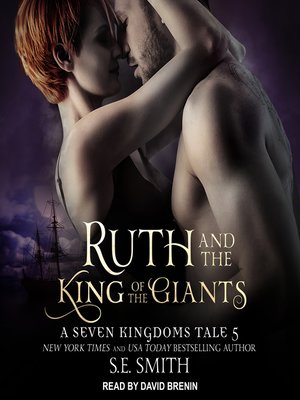 cover image of Ruth and the King of the Giants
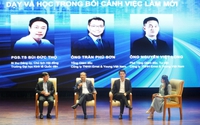 23% công việc sẽ biến đổi vào năm 2027: Chuyên gia khuyên "trường học là nơi an toàn để mắc lỗi"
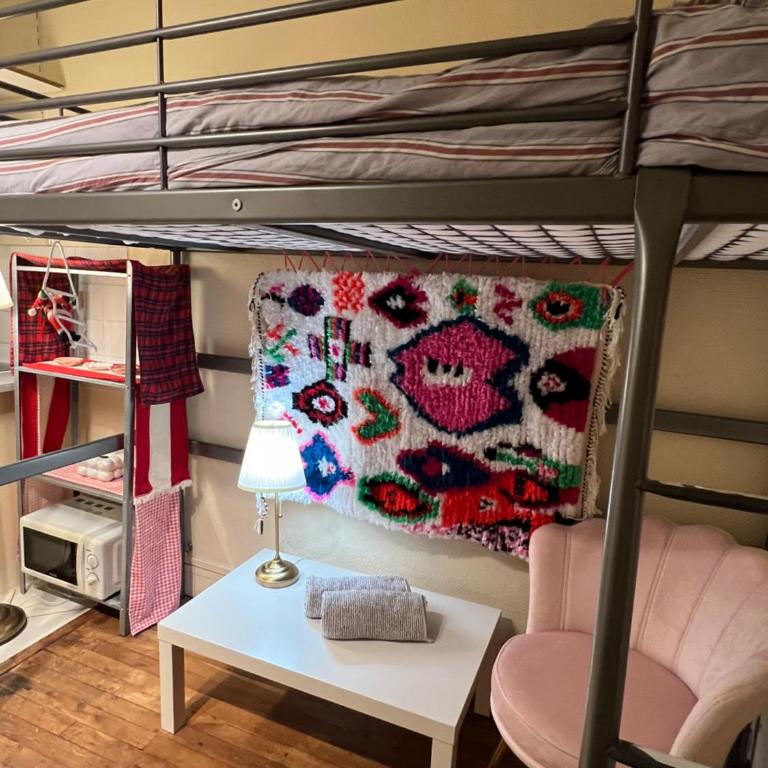 Paris center Eiffel studio - Appartement 1 Chambre - 4
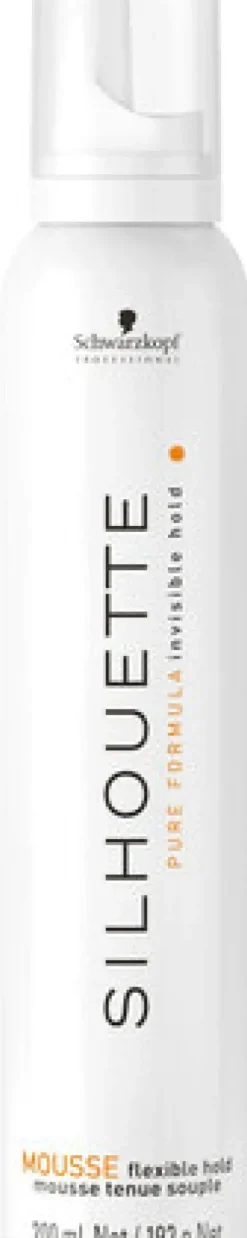 Haarstyling*Schwarzkopf Silhouette Flexible Hold Mousse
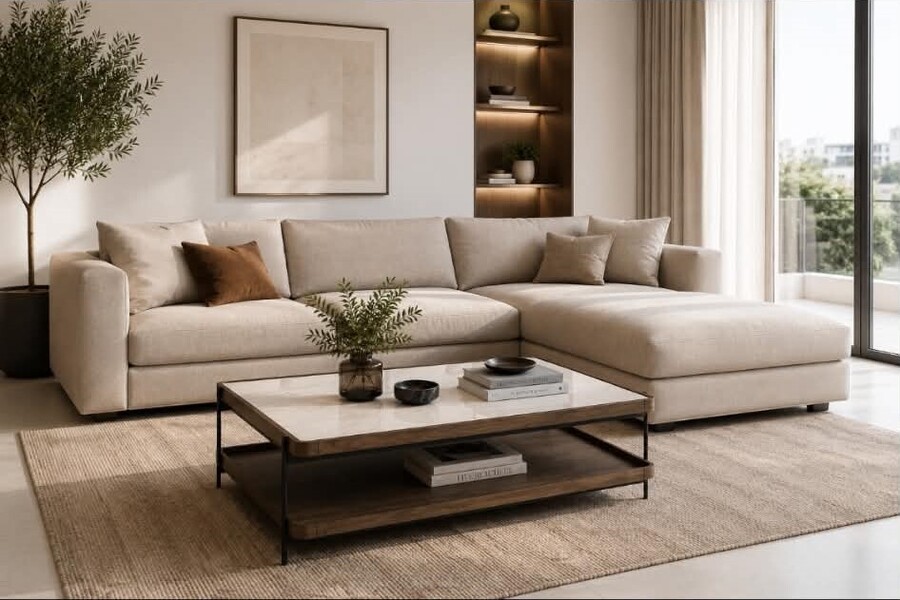 Τραπεζάκι σαλονιού Design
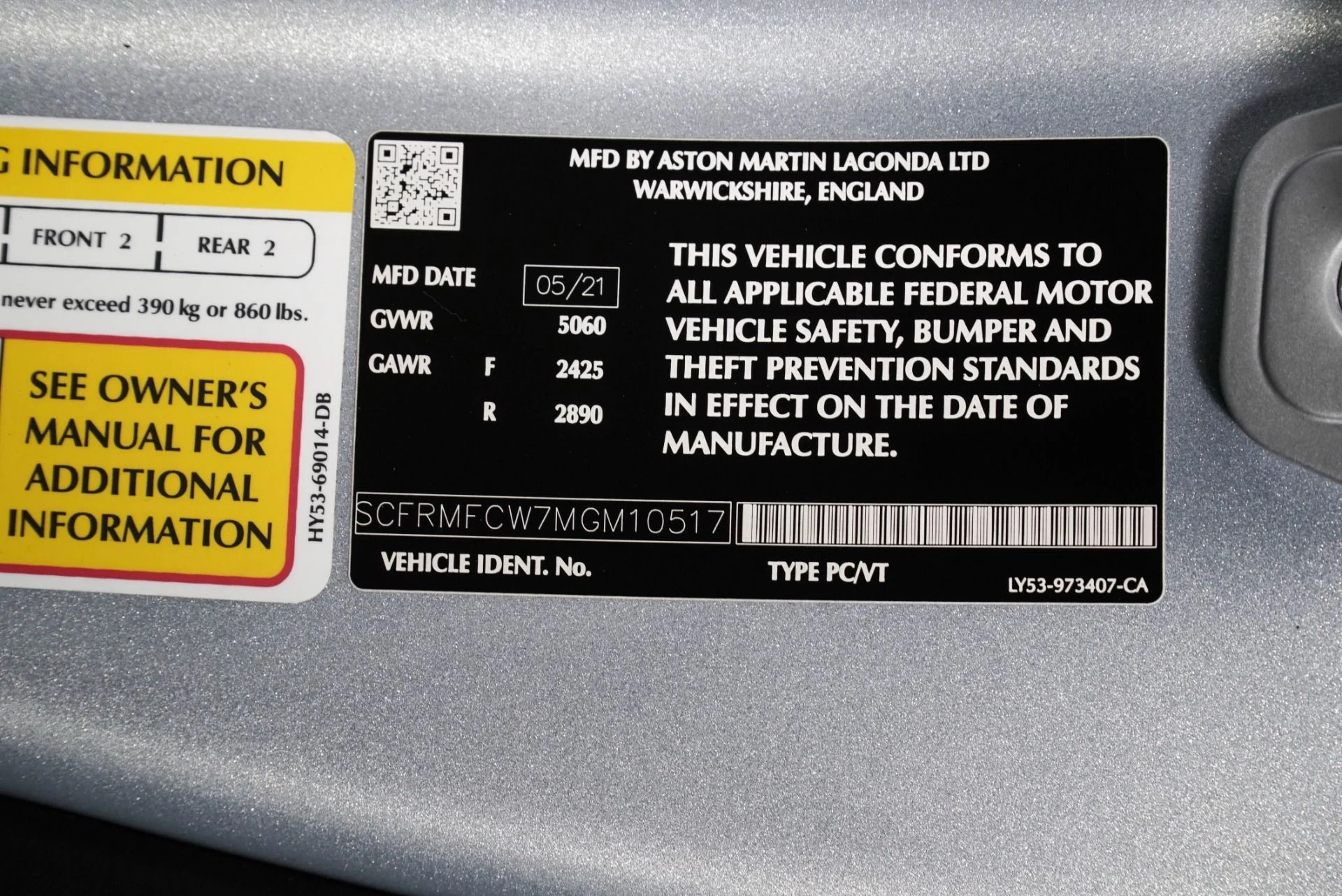 mph022_4059962787_Used_2021_Aston_Martin_DB_11_Volante_1769647963_c50598c45f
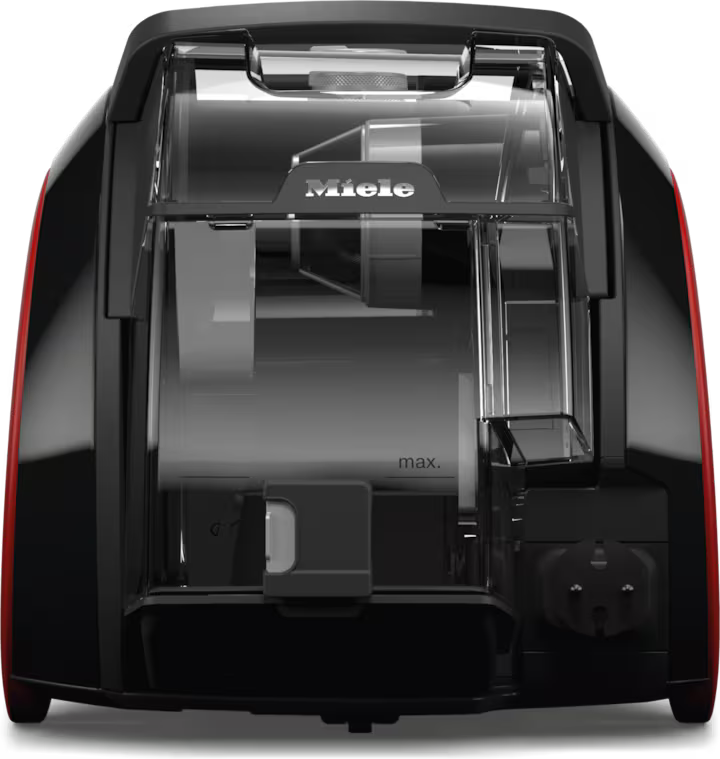 Miele Boost CX1 Active Obsidiansort Poseløs støvsuger alternativ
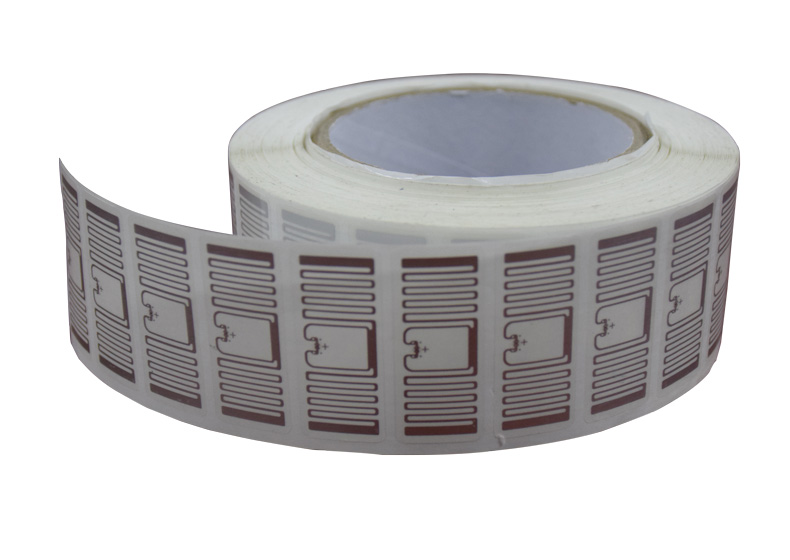 rfid电子标签rfid电子标签超高频915无源不干胶柔性标签4216干湿i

──────────

Requirement: Every line in the records is to be retyped exactly as it stands; the pictures stay out.

Response for this exercise:
 cover image of Ruth and the King of the Giants
 23% công việc sẽ biến đổi vào năm 2027: Chuyên gia khuyên "trường học là nơi an toàn để mắc lỗi"
 Paris center Eiffel studio - Appartement 1 Chambre - 4
 Haarstyling*Schwarzkopf Silhouette Flexible Hold Mousse
 Τραπεζάκι σαλονιού Design
 mph022_4059962787_Used_2021_Aston_Martin_DB_11_Volante_1769647963_c50598c45f
 Miele Boost CX1 Active Obsidiansort Poseløs støvsuger alternativ
 rfid电子标签rfid电子标签超高频915无源不干胶柔性标签4216干湿i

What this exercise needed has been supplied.